El dogmatismo y el sectarismo son causa y efecto de muchas formas de intolerancia; de alguna manera, son también el producto que se obtiene cuando los prejuicios y la ignorancia se confabulan con el temor tóxico a lo que es desconocido, complejo, incluso inabarcable. Los sermones son una tónica habitual de nuestro tiempo, pero el hecho de que alguien que no conoce una lengua ose sermonear a sus hablantes y darles lecciones de sociolingüística desde el paternalismo más cutre —"Hazme caso a mí, que no te engañen, tú eres esto y yo lo sé, es así, ¿o que quizás no lo ves?"— evidencia una falta de vergüenza solo equiparable a la carencia de humildad. De hecho, la misma Marga Prohens —actual líder del PP balear, a quien Casado apoyaba— hizo el posible por apartar el foco de esta cuestión tan polémica hace un par de días, cuando quiso matizar las palabras de Casado sobre la lengua de las Baleares. Y como la manera más sencilla de desviar la atención de un tema polémico es enfatizar otro, Prohens rebajó la contundencia del líder de su partido sobre la cuestión lingüística y se reafirmó en la indignación que ambos comparten hacia la noción —de base histórica, emocional y cultural, pero sin una plasmación efectiva a nivel político, institucional o territorial, por ahora— de Països Catalans. 
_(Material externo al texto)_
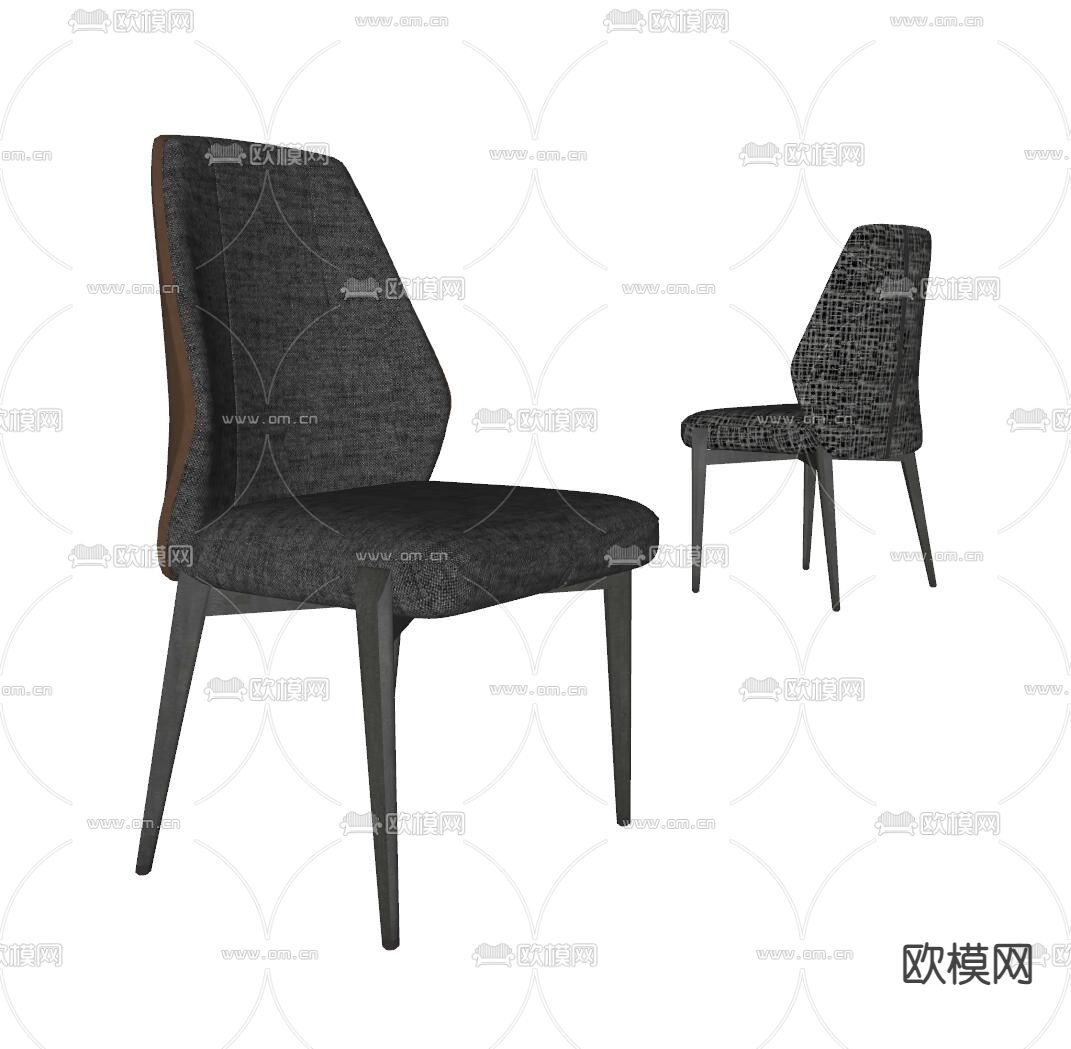 MINOTTI 餐椅 单椅 休闲椅su模型下载（渲染图1）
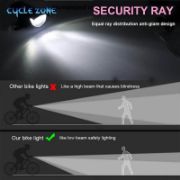 Picture of Bike Bicycle Light USB LED Rechargeable Set Mountain Cycle Front/Back Headlight Lamp Flashlight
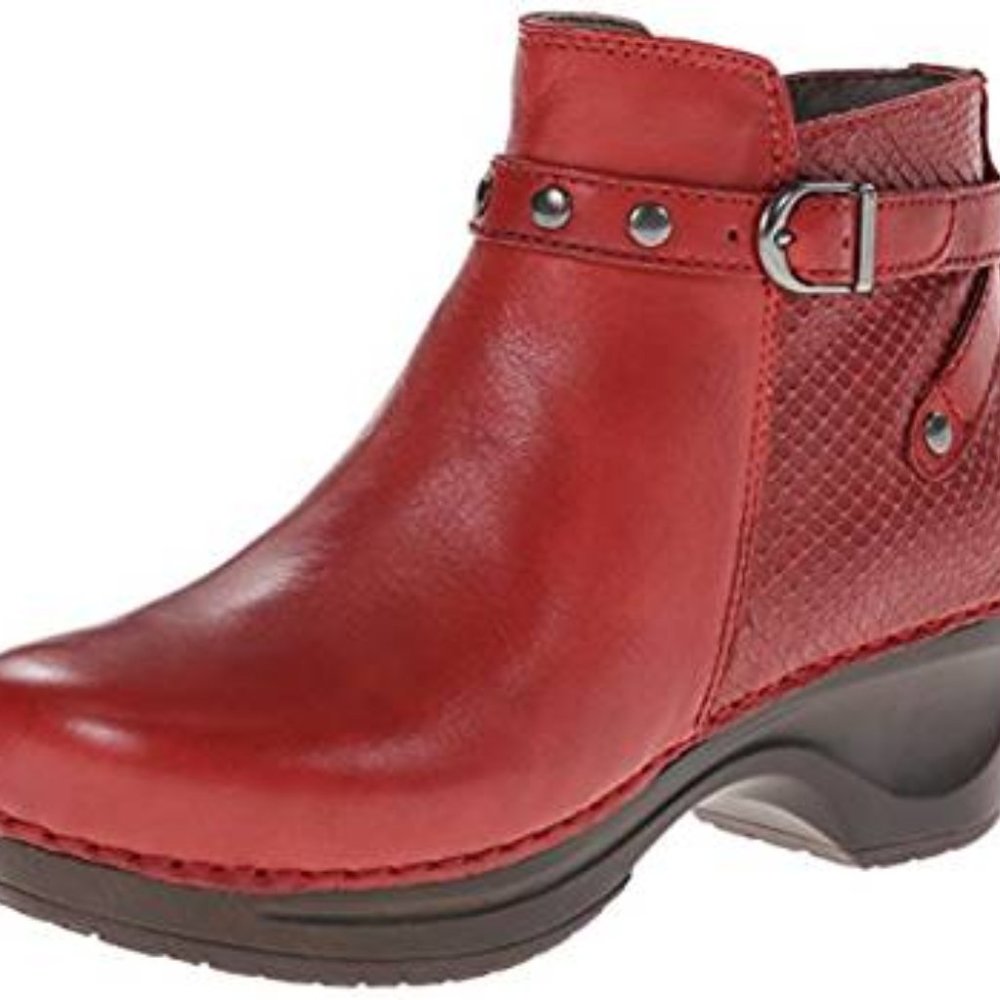 Sanita Danish Clogs Dakota Ankle Boots Red 37 NEW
La insistencia farragosa con que algunos partidos políticos necesitan desactivar algunos —solo algunos— sentimientos nacionalistas, culturales o de cualquier otro tipo, como si tuvieran la autoridad de acceder descaradamente a los vínculos emocionales más íntimos y personales de las personas, constituye un tipo de intromisión que va más allá del rechazo hacia aquel sentimiento —un rechazo que podría experimentar alguien hacia un patriotismo español, americano o francés, también, si no valora las connotaciones o implicaciones—, porque, no satisfechos con el desprecio de estos afectos, van un paso más allá y los convierten en un despropósito ridículo que hay que corregir; en una exaltación esperpéntica y colectiva que tienen que reconducir los poseedores de la razón y de la verdad. La gran pregunta, al final, es si aquello que nutre polémicas como la de Casado es realmente la ignorancia. O si por el contrario, también hay mala leche.